Otros cien años
Hace años, cuando Felipe era bueno y Alfonso malo, algunos periodistas madrileños expresaban su perplejidad ante la figura de Xabier Arzalluz diciendo que lo malo de él era ser a la vez Alfonso y Felipe. Hay motivos políticos, sin necesidad de recurrir a la demonización, o al diván, que explican esa doble faz del nacionalismo vasco democrático que tan bien encarna su principal líder.Por una parte, saben que el objetivo en nombre del cual nació su movimiento -la pervivencia de la identidad vasca- está garantizado a través de la autonomía. Es decir, lo está en la medida en que lo esté la democracia en España, y no ignoran que nada conspira tanto contra la estabilidad de ésta como la presión del radicalismo nacionalista. Especialmente si va unida a la violencia terrorista. Pero el PNV teme que la consolidación de la autonomía le deje sin misión en la vida, sin objetivos. Más concretamente: que la plena aceptación de la lógica autonomista por parte de los partidos con los que compite desde hace un siglo le deje sin enemigos; sin cuentas que saldar.

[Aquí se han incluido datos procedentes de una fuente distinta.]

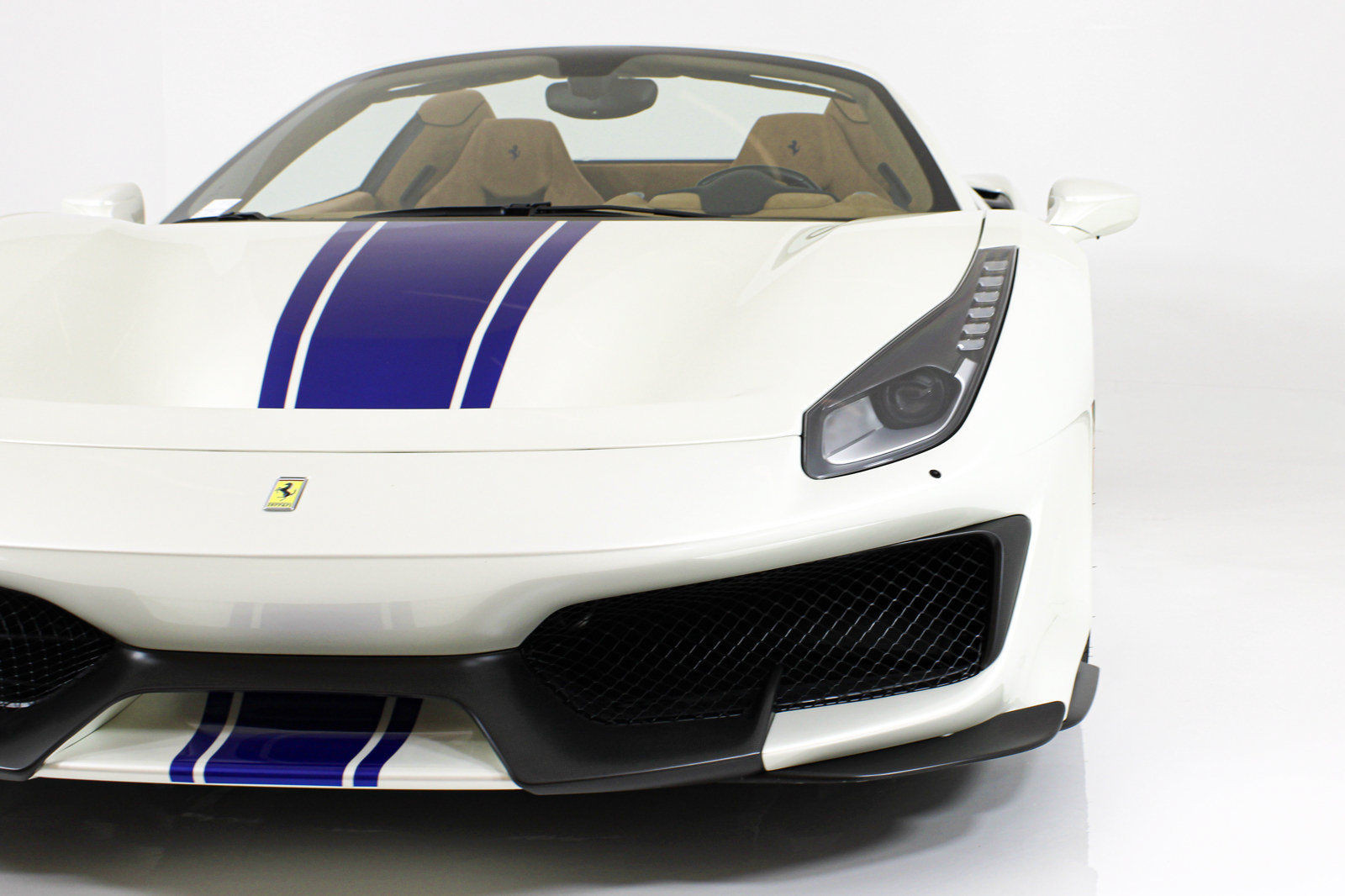 Certified 2020 Ferrari 488 Pista Spider RWD image 9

Es el mismo vértigo que sintió el Partido Liberal británico hacia 1911, cuando comprobó con asombro que lo esencial de su programa había entrado a formar parte de la legislación positiva del Reino Unido.
Tras la escisión encabezada por Garaikoetxea, hace 10 años, el PNV optó por una política moderada, autonomista. En parte porque el otro había elegido la vía radical, la de la autodeterminación, y en parte porque la pérdida de la hegemonía electoral -del 41% al 23% de los votos- le obligó a una política de pactos. Esa política permitió al partido de Arzalluz asegurar su primogenitura y alejar a su rival: la distancia pasó de 8 a 20 puntos. Pero el afianzamiento de la autonomía, paralelo a su aceptación por la derecha española, por una parte, y al debilitamiento de ETA, por otra, permitieron a las fuerzas no nacionalistas recuperar el terreno que habían ido perdiendo desde 1977: en las generales de 1993 se produjo un empate, y en las autonómicas de 1994 la diferencia entre ambos bloques se redujo de 34 a 13 puntos.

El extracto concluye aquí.